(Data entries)

·····

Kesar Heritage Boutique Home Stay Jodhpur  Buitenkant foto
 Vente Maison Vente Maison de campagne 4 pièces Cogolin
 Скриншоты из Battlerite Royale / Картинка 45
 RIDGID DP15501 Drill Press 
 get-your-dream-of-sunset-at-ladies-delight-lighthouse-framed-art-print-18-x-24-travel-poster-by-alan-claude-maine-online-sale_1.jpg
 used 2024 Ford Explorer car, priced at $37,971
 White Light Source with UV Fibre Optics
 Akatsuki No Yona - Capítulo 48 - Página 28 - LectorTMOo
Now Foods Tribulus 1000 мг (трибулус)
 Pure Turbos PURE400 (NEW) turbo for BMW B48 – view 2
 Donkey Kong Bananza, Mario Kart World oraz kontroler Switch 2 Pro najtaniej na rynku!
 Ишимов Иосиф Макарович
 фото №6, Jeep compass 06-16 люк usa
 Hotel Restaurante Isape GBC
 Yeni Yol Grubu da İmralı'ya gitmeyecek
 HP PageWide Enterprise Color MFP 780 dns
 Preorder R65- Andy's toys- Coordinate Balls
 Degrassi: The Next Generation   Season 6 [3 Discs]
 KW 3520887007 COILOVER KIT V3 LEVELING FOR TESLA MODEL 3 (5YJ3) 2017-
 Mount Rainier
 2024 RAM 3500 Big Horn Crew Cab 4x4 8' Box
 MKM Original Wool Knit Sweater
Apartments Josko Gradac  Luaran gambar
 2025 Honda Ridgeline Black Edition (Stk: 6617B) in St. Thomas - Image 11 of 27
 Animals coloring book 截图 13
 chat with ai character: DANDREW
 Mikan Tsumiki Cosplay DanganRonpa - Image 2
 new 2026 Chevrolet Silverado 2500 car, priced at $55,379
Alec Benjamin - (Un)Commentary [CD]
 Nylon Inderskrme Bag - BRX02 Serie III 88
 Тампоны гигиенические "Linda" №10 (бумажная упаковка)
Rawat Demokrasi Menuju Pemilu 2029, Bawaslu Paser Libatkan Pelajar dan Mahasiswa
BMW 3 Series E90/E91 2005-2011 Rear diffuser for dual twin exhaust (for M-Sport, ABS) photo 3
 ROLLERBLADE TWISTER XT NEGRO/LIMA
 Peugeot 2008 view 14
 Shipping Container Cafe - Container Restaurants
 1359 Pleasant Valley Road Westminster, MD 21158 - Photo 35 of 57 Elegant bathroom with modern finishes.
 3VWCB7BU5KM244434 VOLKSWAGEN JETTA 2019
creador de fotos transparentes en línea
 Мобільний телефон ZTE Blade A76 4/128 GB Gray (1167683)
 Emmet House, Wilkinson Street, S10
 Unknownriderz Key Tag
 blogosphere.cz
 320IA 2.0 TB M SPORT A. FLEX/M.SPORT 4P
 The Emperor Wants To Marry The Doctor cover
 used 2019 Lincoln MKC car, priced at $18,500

·····

From the line with "320IA 2.0 TB M SPORT A. FLEX/M.SPORT 4P" to the final line of the entries above, return every line exactly as written.

 320IA 2.0 TB M SPORT A. FLEX/M.SPORT 4P
 The Emperor Wants To Marry The Doctor cover
 used 2019 Lincoln MKC car, priced at $18,500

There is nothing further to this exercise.